→ Supplied information:
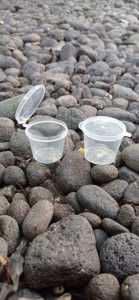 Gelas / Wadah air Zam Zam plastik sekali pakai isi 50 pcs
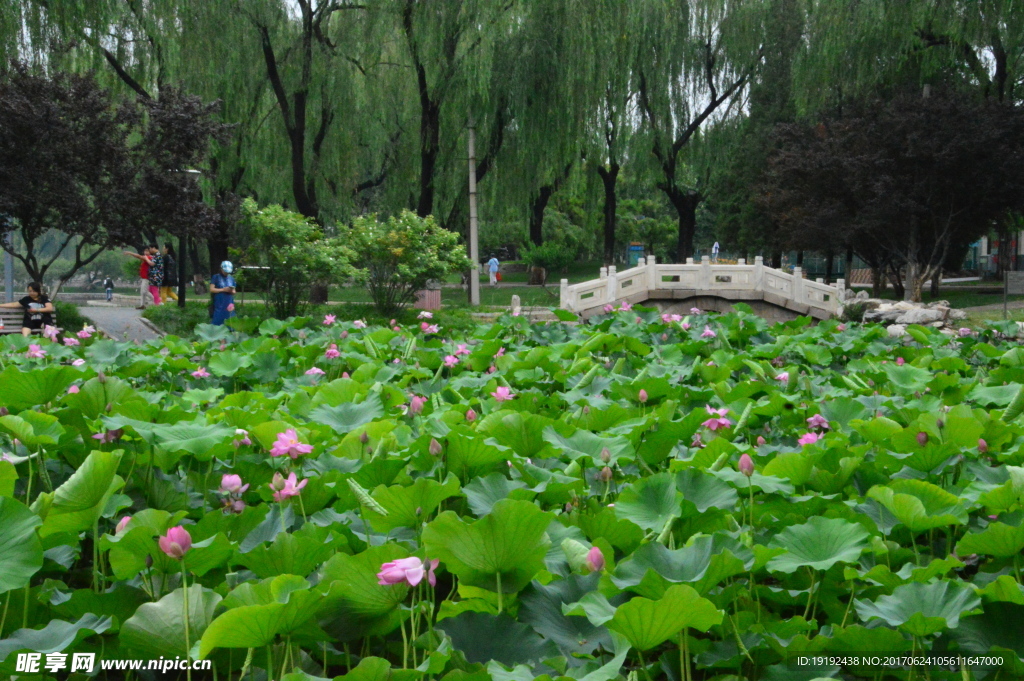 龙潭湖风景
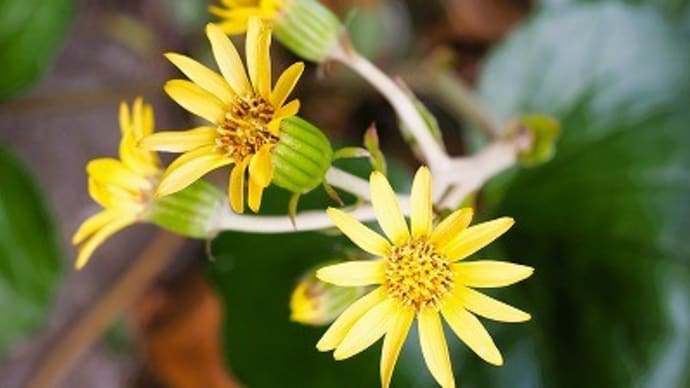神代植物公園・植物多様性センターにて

...

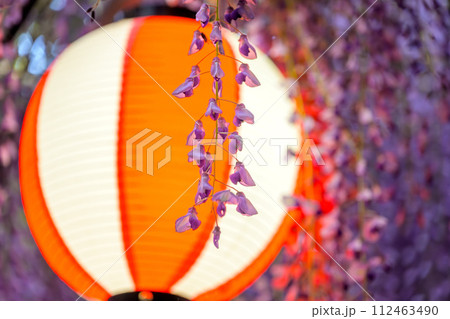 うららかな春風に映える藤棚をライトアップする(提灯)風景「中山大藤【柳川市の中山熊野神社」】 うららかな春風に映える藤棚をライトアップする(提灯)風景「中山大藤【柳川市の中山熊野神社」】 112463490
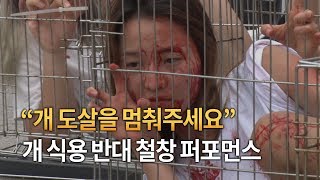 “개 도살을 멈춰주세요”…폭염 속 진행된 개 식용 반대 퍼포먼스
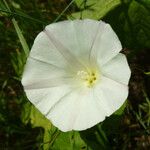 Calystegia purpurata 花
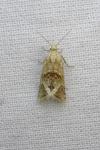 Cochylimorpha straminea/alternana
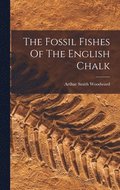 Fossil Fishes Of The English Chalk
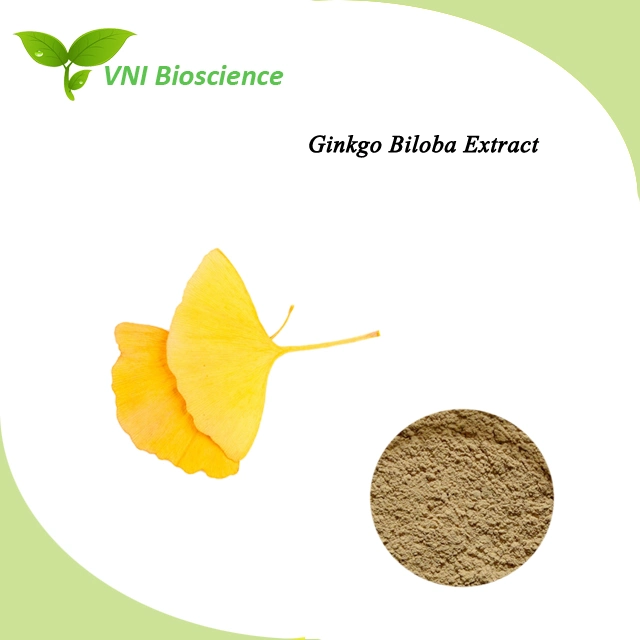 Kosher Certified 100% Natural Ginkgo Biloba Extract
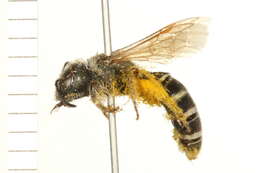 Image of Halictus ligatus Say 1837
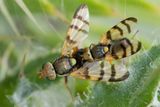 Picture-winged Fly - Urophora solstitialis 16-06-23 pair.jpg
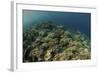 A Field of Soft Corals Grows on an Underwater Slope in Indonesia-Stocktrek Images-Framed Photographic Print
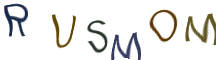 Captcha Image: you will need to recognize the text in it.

→ Exercise objective: In the entries above, which lines run from the one with "Gelas / Wadah" up to and including the one with "神代植物公園・植物多様性センターにて"? Write them out exactly, without the pictures.

→ Solved exercise:
 Gelas / Wadah air Zam Zam plastik sekali pakai isi 50 pcs
 龙潭湖风景
神代植物公園・植物多様性センターにて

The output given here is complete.